Tantra in Ancient Times

  • Tantra in Archaic India
  • Indus Valley Culture
  • Mystery of the Seals
  • Shiva "Lord of Beasts"
  • Mohenjodaro Dancing Girls
  • Tantra Matriarch Figure

    (extracted from "SPIRITUAL SEX: Secrets of Tantra from the Ice Age to the New Millennium," by Nik Douglas, copyright 1996. All rights reserved)

    The majority of India's indigenous tribal people are Dravidian, a linguistic group that includes Tamil, Telegu, Khond and Oraon languages. They are of "Australoid" racial stock, related to the aborigines of Australia who first migrated there from India at least 60,000 years ago. The territory controlled by Dravidian tribes once extended from Southern Iran to Australia.
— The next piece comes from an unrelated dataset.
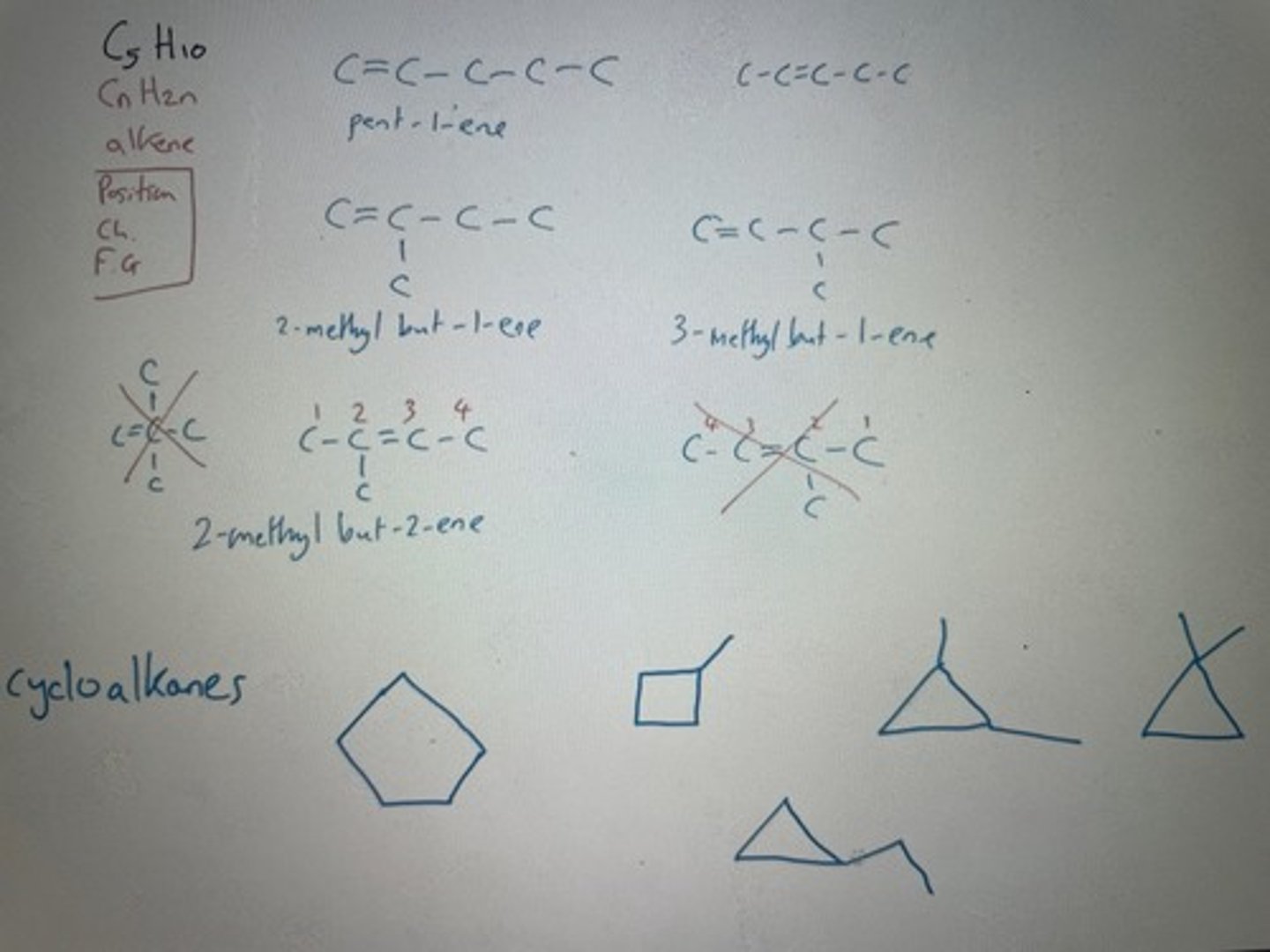 <p>How many structural isomers for C5H10 have?</p>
Originally, in the distant archaic past, these people must have migrated out of Africa.

    As in Africa, the culture of ancient India was largely matriarchal. Its people celebrated the spiritual mysteries of birth, the seasons and lunar cycles, renewal, rebirth and transcendence. The diverse dark-skinned Indian aboriginal tribes worshipped spiritual powers associated with fertility, virility and the after-life. They have done so since the dawn of history.

    For thousands of years, India's tribal people used anthropomorphic images or "idols" in their spiritual rites. They used selected herbs, flowers and trees in their rituals and plant-drugs to help induce trance states. Worship was accompanied by mystic phrases, diagrams and gestures, and by sexual acts. Like most tribal people world-wide, they believed in the efficacy of spells, charms and amulets.
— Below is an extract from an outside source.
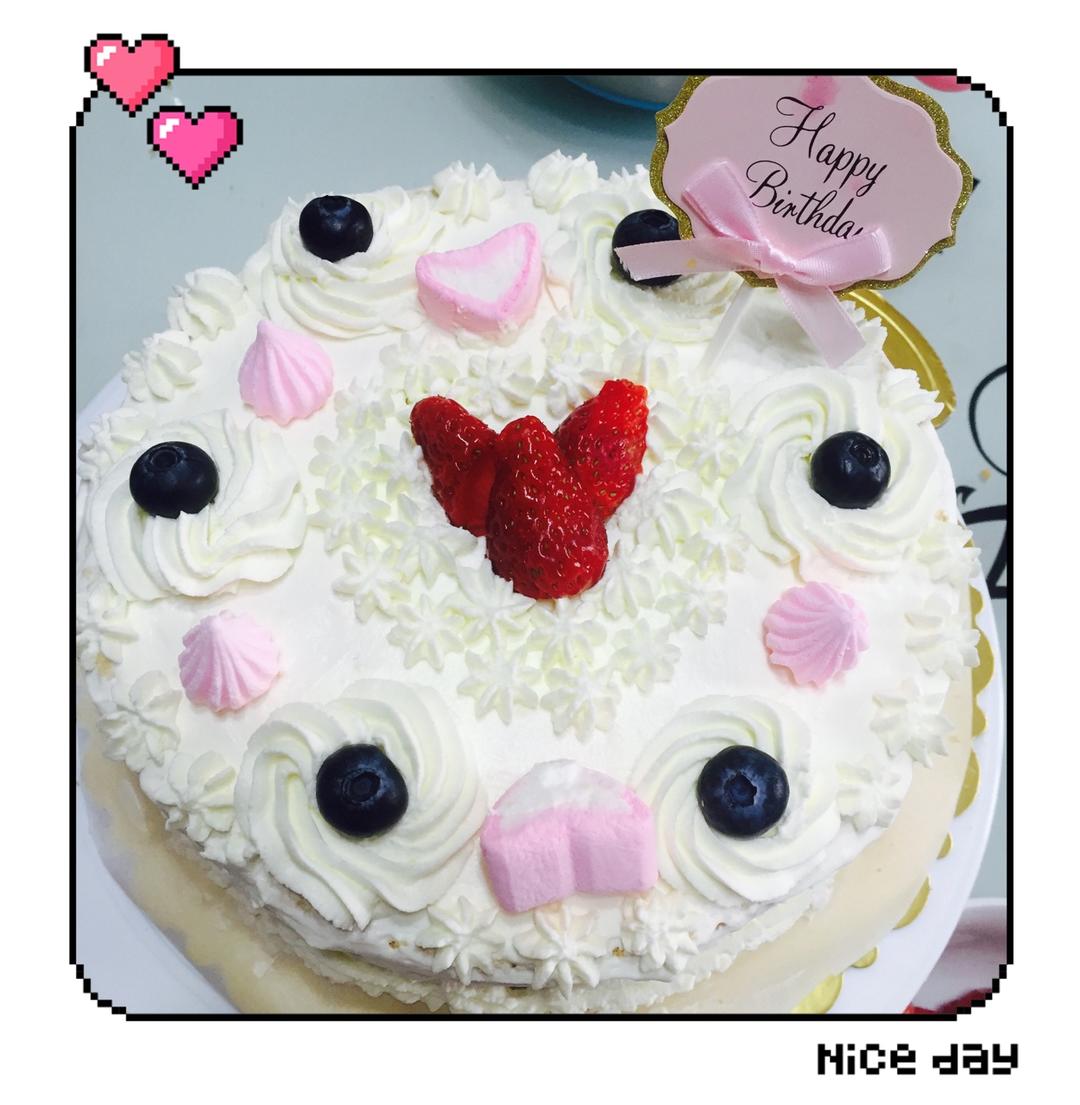 《Tinrry+》草莓奶油蛋糕（8寸配方）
    The remains of the ancient Indus Valley culture were "discovered" in the 1920s, following some initial finds towards the end of the 19th century. The brick built city of Harappa, located near the Ravi river in Punjab, Pakistan, was the first site to attract attention, followed by Mohenjodaro and Chanhudaro, further South on the river Indus. The close resemblance between objects from the Indus Valley sites and those from ancient Sumeria, in Southern Iraq, dateable between the third and fourth millennium B.C.E was soon apparent.

    Initially the term "Indo-Sumerian" was used to describe antiquities from the same period in the Indus Valley and Southern Iraq. Since the 1920s numerous other Indus Valley or "Harappan culture" sites have come to light, covering an area of more than 1.3 million square kilometers, larger than any other archaic civilization. Very recently, as a result of analysis of landsat imagery and studies in earth sciences, it has been shown that a now-dried-up greater river system, referred to as the Saraswati, was integrated with the Indus river system in the same period, with numerous archaic settlements scattered along it.

    People of the Harrapan culture, which was well established by the end of the fourth millennium B.C.E. , were expert potters and worked with steatite, ivory and other exotic materials. They used copper, gold, and semi-precious stones and had large ships which they used for trade. Their religion was essentially pagan, "animistic", and included tree and animal worship as well as the use of sexual symbols such as the penis and vulva.

    Harappans used a pictographic language comprising about 370 separate glyphs of which about 135 are frequently occurring basic signs. Their pictographs were read from right to left and had syllabic values. The complete absence of any long documents in Harappan writing suggests that these people generally used perishable materials such as bark, palm-leaves, cotton or leather to write on. Unfortunately no-one has yet been able to satisfactorily decipher the short inscriptions which have survived on seals, engraved copper or on pottery.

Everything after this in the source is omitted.